● **Task description**:
A verbatim transcription of the listing below is required, without its pictures.

● **Supplied information**:
....
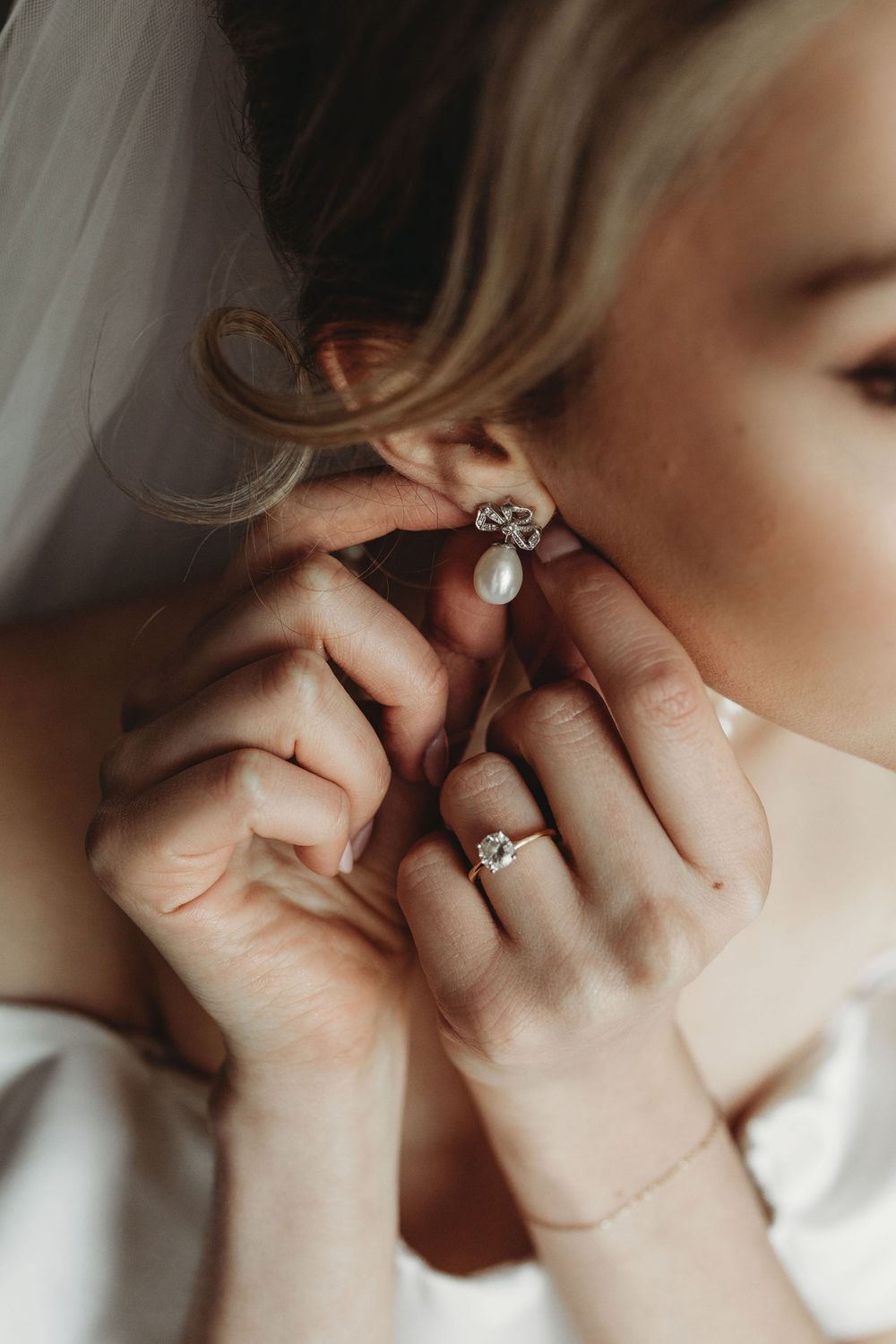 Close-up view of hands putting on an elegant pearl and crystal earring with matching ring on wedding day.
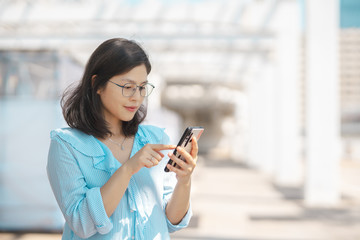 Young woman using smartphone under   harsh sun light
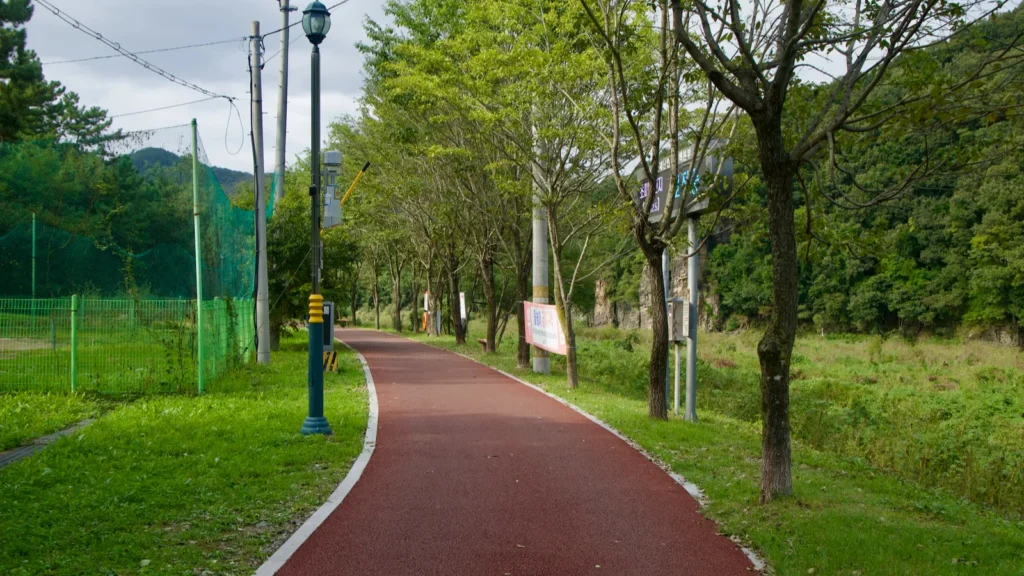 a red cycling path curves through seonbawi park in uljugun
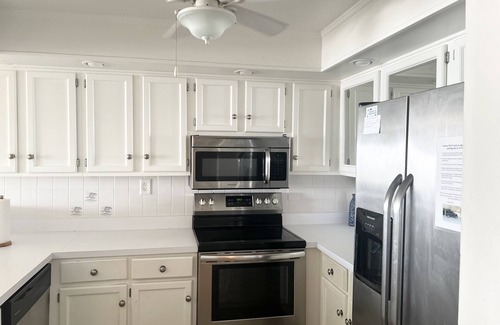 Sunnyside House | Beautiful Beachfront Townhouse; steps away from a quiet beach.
....
● **Solution below**:
 Close-up view of hands putting on an elegant pearl and crystal earring with matching ring on wedding day.
 Young woman using smartphone under   harsh sun light
 a red cycling path curves through seonbawi park in uljugun
 Sunnyside House | Beautiful Beachfront Townhouse; steps away from a quiet beach.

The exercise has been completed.